Joan detuvo con dificultad los golpes que uno tras otro, con una fuerza desesperada, le propinaba el marido y llegó a temer que, a pesar de su preparación en esgrima y su juventud, este le hiriera. Sabía que no valían rendiciones, aquella lucha era a muerte. Entonces pensó en Anna. Combatía por ella. Y toda la rabia contenida contra su rival durante tanto tiempo estalló en su pecho y empezó a devolver los golpes con el mismo furor con el que se los propinaba su enemigo, aun tratando de mantener su mente fría. Ese no era el caso de Lucca, que, sintiendo la muerte helándole ya el corazón, luchaba con la desesperación del que quiere morir matando.
Un abordaje no era un duelo entre caballeros y cuando los marinos que acompañaban a Lucca se rindieron, los infantes le gritaron a este que también lo hiciera.

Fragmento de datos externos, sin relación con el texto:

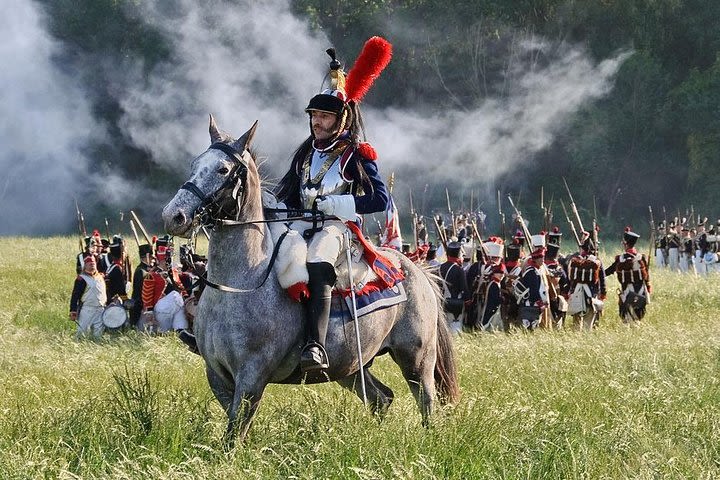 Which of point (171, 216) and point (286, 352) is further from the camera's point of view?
point (286, 352)

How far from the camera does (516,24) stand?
4144 centimetres

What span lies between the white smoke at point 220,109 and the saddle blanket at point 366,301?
2289cm

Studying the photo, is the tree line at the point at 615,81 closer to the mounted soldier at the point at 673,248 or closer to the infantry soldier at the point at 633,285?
the mounted soldier at the point at 673,248

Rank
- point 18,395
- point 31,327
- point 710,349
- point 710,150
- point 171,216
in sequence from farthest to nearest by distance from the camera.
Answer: point 710,150 → point 31,327 → point 710,349 → point 18,395 → point 171,216

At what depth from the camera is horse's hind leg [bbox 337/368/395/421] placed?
695 cm

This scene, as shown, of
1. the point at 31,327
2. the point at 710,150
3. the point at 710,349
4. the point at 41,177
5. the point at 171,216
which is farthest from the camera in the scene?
the point at 710,150

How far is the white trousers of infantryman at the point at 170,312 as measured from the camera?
44.4ft

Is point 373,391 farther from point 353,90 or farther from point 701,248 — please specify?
point 701,248

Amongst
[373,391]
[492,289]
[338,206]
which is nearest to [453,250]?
[492,289]

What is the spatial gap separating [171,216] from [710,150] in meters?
36.6

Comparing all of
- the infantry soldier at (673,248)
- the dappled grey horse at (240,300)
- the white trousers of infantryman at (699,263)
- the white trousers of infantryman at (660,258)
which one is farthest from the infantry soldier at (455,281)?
the white trousers of infantryman at (660,258)

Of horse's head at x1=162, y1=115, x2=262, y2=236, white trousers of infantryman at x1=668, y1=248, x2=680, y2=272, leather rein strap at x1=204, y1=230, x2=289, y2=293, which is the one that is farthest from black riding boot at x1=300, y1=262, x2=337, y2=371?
white trousers of infantryman at x1=668, y1=248, x2=680, y2=272

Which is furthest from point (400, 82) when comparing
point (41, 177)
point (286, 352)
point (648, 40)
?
point (286, 352)

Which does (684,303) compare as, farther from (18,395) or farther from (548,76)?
(548,76) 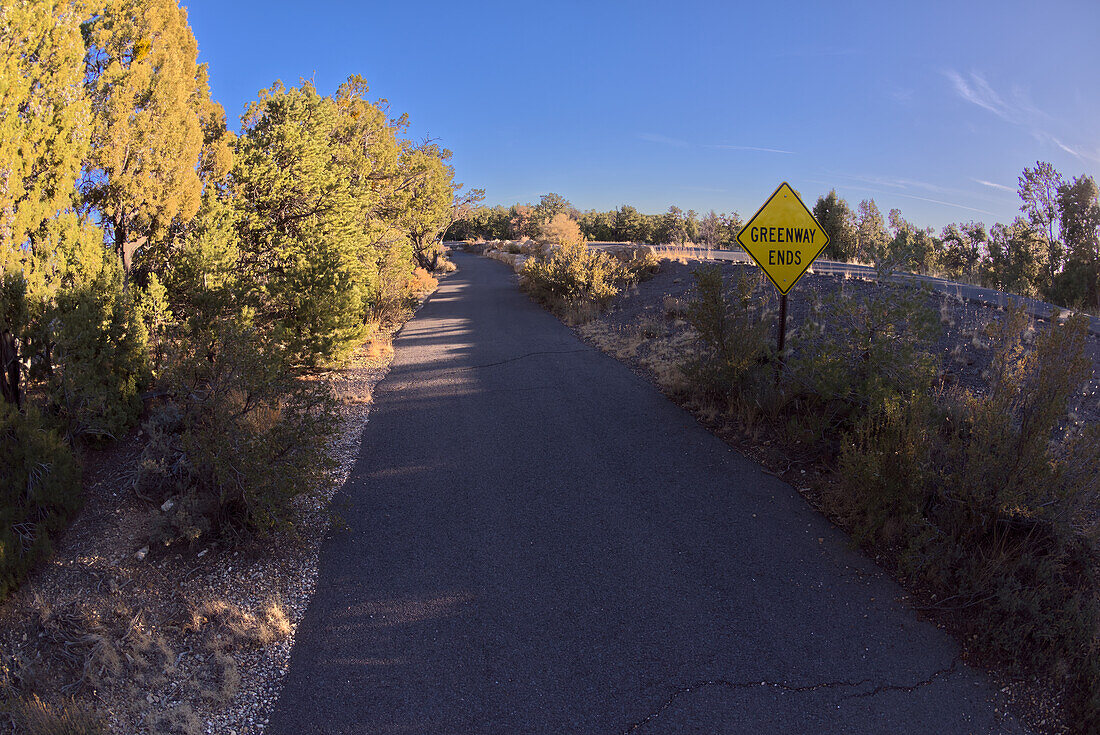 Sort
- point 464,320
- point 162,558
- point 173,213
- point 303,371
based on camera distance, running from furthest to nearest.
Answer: point 464,320, point 303,371, point 173,213, point 162,558

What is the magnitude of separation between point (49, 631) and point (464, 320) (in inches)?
562

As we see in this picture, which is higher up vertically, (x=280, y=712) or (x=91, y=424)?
(x=91, y=424)

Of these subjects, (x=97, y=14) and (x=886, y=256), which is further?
(x=97, y=14)

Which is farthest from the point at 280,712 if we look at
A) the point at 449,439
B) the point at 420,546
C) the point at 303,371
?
the point at 303,371

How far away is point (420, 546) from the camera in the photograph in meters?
5.05

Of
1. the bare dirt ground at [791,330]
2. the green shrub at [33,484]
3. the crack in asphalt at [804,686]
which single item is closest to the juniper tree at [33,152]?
the green shrub at [33,484]

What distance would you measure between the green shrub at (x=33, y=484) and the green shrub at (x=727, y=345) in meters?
7.38

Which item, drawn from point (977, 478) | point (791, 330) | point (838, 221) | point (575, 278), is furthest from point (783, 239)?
point (838, 221)

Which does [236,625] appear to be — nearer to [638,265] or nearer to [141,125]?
[141,125]

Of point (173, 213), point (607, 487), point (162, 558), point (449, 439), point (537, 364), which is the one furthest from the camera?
point (537, 364)

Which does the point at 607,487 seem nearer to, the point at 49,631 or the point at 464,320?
the point at 49,631

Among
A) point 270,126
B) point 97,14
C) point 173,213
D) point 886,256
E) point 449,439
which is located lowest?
point 449,439

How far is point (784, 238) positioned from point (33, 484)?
28.8 ft

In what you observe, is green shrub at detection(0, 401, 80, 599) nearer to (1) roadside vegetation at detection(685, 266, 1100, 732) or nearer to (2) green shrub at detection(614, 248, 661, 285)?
(1) roadside vegetation at detection(685, 266, 1100, 732) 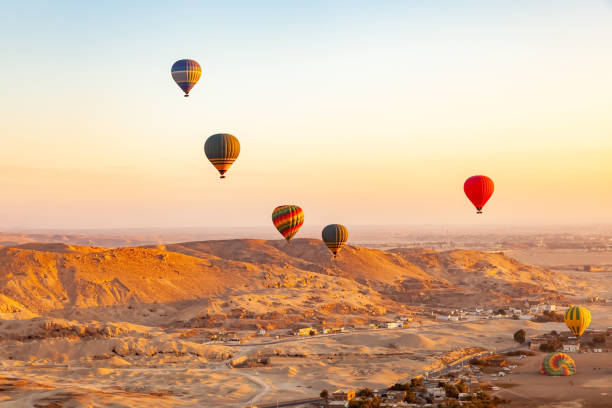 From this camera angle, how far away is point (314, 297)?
117125 mm

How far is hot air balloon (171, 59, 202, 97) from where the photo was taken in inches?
2953

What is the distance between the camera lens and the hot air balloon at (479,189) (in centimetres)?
7362

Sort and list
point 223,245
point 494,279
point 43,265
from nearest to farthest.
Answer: point 43,265 → point 494,279 → point 223,245

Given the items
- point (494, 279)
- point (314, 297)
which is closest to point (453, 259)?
point (494, 279)

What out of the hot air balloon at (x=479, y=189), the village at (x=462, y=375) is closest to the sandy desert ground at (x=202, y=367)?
the village at (x=462, y=375)

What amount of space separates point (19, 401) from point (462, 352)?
44928mm

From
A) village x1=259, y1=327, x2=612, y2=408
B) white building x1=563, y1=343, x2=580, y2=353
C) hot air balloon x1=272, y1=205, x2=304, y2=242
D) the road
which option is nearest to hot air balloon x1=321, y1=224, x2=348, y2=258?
hot air balloon x1=272, y1=205, x2=304, y2=242

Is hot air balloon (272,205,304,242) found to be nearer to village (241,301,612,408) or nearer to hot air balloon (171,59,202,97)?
hot air balloon (171,59,202,97)

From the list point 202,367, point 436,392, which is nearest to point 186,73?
point 202,367

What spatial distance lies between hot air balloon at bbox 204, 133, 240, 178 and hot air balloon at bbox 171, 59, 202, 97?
279 inches

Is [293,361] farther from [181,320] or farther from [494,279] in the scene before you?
[494,279]

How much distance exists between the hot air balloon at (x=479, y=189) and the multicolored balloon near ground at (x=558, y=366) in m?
14.9

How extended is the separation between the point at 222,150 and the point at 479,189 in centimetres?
2414

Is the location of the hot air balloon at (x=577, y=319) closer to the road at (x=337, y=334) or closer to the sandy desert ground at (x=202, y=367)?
the sandy desert ground at (x=202, y=367) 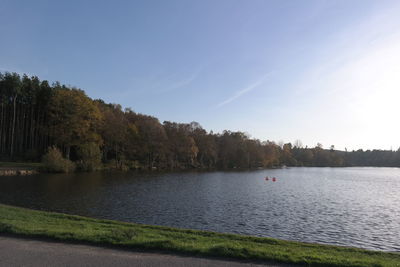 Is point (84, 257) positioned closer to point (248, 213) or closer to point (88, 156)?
point (248, 213)

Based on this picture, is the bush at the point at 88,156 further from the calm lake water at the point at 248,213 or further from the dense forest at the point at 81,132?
the calm lake water at the point at 248,213

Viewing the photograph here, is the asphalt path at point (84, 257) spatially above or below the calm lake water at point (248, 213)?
above

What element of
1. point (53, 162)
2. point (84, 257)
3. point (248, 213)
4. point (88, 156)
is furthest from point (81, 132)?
point (84, 257)

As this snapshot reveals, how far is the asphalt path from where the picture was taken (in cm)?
794

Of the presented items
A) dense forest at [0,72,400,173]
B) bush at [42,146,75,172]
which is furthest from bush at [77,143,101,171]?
bush at [42,146,75,172]

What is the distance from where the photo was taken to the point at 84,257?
8.49 m

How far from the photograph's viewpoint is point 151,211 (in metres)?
23.1

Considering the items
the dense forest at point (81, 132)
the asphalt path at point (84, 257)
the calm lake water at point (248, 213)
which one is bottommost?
the calm lake water at point (248, 213)

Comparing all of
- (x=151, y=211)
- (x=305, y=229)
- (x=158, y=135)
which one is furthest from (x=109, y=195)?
(x=158, y=135)

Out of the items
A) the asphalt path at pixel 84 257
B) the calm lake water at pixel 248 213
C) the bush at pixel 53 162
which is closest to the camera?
the asphalt path at pixel 84 257

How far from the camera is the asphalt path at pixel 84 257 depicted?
26.1ft

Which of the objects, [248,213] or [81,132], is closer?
[248,213]

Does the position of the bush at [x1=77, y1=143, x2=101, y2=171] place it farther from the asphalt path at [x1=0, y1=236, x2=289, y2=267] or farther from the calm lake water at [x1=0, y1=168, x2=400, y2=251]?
the asphalt path at [x1=0, y1=236, x2=289, y2=267]

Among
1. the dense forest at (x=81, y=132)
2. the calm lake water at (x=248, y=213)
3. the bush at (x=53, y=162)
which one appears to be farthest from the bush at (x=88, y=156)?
the calm lake water at (x=248, y=213) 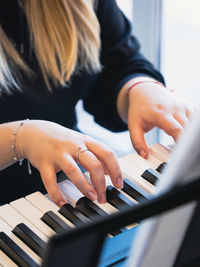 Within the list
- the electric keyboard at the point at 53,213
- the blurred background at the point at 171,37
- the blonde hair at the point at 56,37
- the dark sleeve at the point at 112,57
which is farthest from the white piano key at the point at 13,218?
the blurred background at the point at 171,37

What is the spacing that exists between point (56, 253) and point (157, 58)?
1.71 metres

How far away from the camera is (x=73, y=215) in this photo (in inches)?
29.9

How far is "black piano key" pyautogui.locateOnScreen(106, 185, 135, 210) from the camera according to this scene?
0.78 meters

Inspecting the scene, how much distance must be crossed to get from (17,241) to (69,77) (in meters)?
0.60

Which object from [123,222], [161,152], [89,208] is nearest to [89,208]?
[89,208]

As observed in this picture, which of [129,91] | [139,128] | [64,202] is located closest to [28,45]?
[129,91]

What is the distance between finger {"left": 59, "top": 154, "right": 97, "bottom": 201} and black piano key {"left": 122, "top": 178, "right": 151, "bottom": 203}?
0.19 feet

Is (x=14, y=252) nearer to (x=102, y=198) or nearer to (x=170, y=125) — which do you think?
(x=102, y=198)

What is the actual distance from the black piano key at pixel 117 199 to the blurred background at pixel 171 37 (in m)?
1.17

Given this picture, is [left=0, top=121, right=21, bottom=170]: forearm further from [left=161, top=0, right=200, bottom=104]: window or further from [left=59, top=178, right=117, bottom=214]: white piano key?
[left=161, top=0, right=200, bottom=104]: window

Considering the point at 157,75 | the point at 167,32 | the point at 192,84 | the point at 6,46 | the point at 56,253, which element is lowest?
the point at 192,84

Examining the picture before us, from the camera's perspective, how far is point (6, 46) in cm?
115

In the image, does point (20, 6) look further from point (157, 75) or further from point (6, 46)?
point (157, 75)

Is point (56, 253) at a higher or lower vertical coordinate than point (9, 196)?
higher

Pero el napolitano no los escuchaba y no detuvo ni un instante su intercambio de golpes con Joan. Entonces uno de los soldados le clavó una lanza por la espalda, en la zona lumbar, y Lucca soltó un gemido al tiempo que descubría su guardia. Joan aprovechó la ocasión para asestarle un gran tajo en el cuello que le hizo caer sobre cubierta. Tumbado boca arriba, mirando al cielo, Ricardo Lucca quiso entregar cuanto antes su alma al Señor, para que dejara de dolerle, y en unos instantes la vida se le fue junto con la sangre que manchaba las maderas.
El joven tuvo la impresión de que en ningún momento el marido de su amada dejó de mirarle a los ojos. Y que continuaba haciéndolo ya muerto, tendido sobre un charco carmesí. Jamás en el resto de su existencia olvidaría aquella mirada. Se despertaría en las noches viéndola y preguntándose todo lo que aquellos ojos le decían en la vida y en la muerte. Lucca no murió defendiendo sus tesoros de oro y plata, sino en una lucha desesperada por negar que había perdido lo que más quería. El amor de Anna.
Joan se sentía confuso; una avalancha de sentimientos le desbordaba. No hubo nobleza alguna en la forma en que mató a Lucca y ni siquiera le detuvo el hecho de que estuviera herido, de que ya no fuera peligroso. Era culpable de un crimen y comprendió que ya se sentía culpable de asesinar a Lucca antes de matarle físicamente. Quería hacerlo, no se detuvo hasta lograrlo y consumó su crimen sin importarle la legitimidad o decencia de los medios.
El napolitano había muerto como un valiente, pero traspasó la puerta de la vida llevándose de esta el dolor más terrible. ¿Por qué tuvo que decirle que Anna le engañó? Aquello era lo que más le costaría perdonarse, si algún día Joan podía concederse el perdón.